At 19:47 +0200 14/6/05, Phiniki Stouppa wrote:
On 6/14/05, Alessio Guglielmi
<Alessio.Guglielmi-r/9ln3FTDUD4ajHJ1XSv27NAH6kLmebB@xxxxxxxxxxxxxxxx> wrote:
I think that we have to consider an important point: when one says
`inference occurs at any depth in formulae', one says *much more*
than `any part of a formula is accessible to inference'.
I agree. Also in that CoS is the only deep inference formalism. But I
am also using 'deep inference' as a property of *systems* (i.e.
independent of the calculus) in the following sense: a system enjoys
deep inference if
1. it has inputs of unbounded depth and
2. it has at least one (possibly admissible) rule which is applicable
at any depth.
accordingly, some systems out of CoS might enjoy deep inference
although they are not systems of a deep inference formalism.
Apparently this is confusing, I should change the name. Ideas?
I have no brilliant idea. However, I don't see anything wrong in
using `deep inference', perhaps in quotes, when explaining the
special case you're mentioning above. This will probably happen in a
context where it's clear what you're talking about.

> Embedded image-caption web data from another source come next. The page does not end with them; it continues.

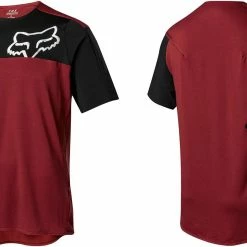 FOX Attack Pro SS MTB Cykeltröja Röd/svart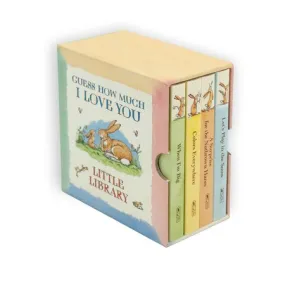 Guess How Much I Love You: Little Library Set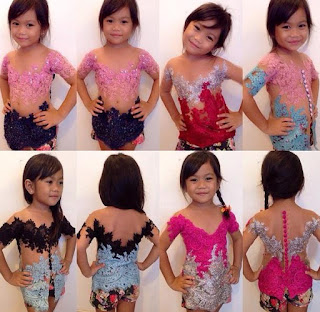 Gambar Kebaya Anak Perempuan Hari Kartini Model Modern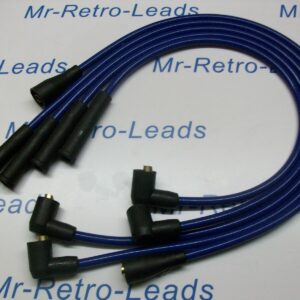 Blue 8mm Ignition Leads To Fit Escort Mk4 Mk3 Mk2 Rs Turbo Fiesta Mk2 Orion Mk2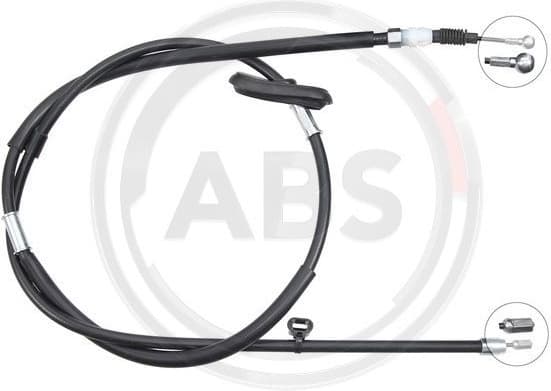 Cable Pull, parking brake K14011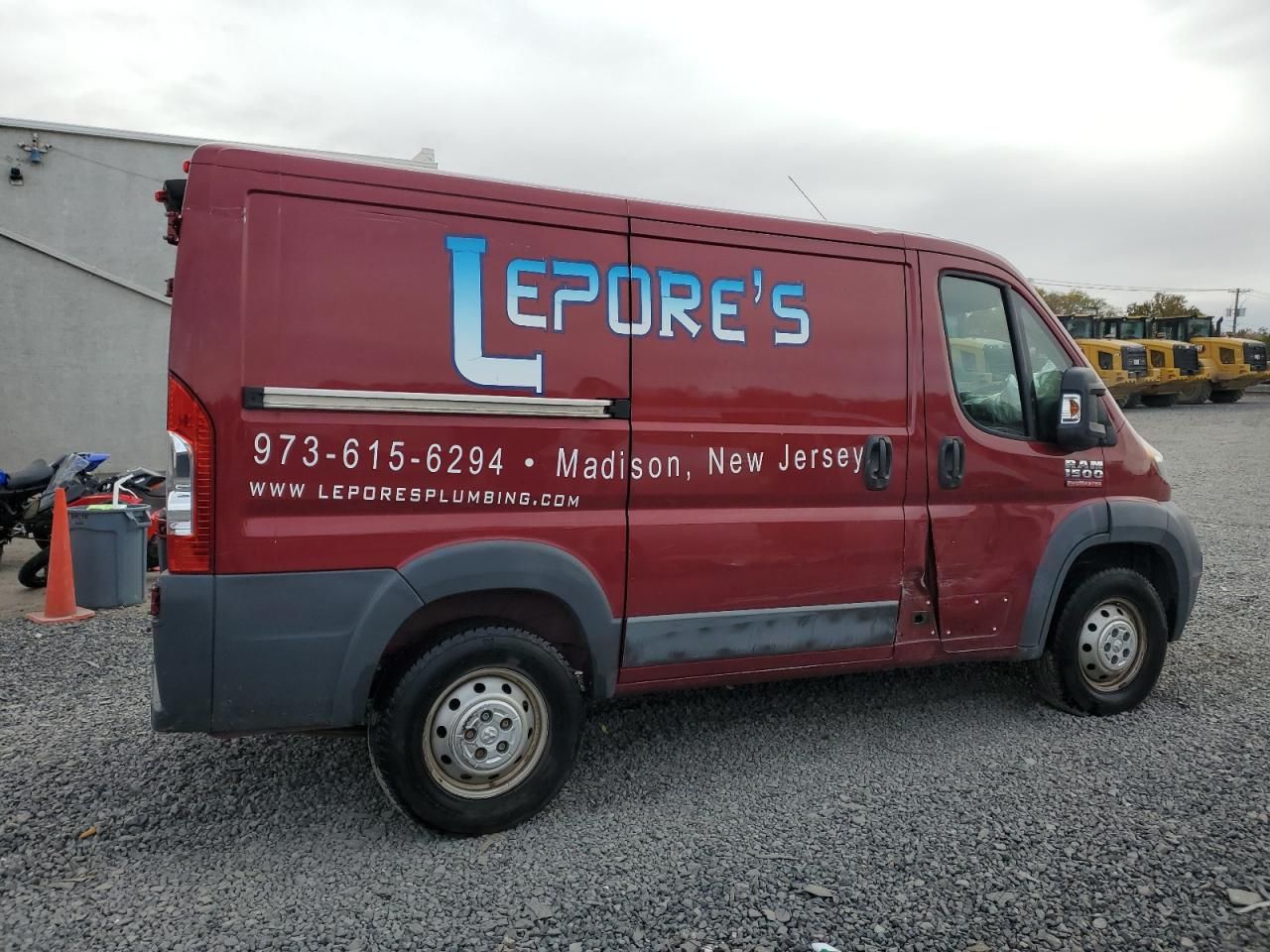 2016 Dodge Ram Promaster 1500 1500 Standard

The problem I see is in defining the class of deep inference systems
as including the display calculus, hypersequents, Schuette's
calculus, etc. In this case, we would collect together formalisms
that are only connected at a superficial level on one aspect,
unboundedness of inference, and not on another important one,
branching. In my opinion, we would spoil a strong term for not much
in exchange.
By the way, there's something we didn't mention so far. It looks like
most of our current research is in solving the problem of identity of
proofs. This is a semantic problem, rather remote, in principle, from
the technicalities of syntax. Wouldn't it be nice to be able to say,
in a couple of years, that deep inference solves the problem?
-Alessio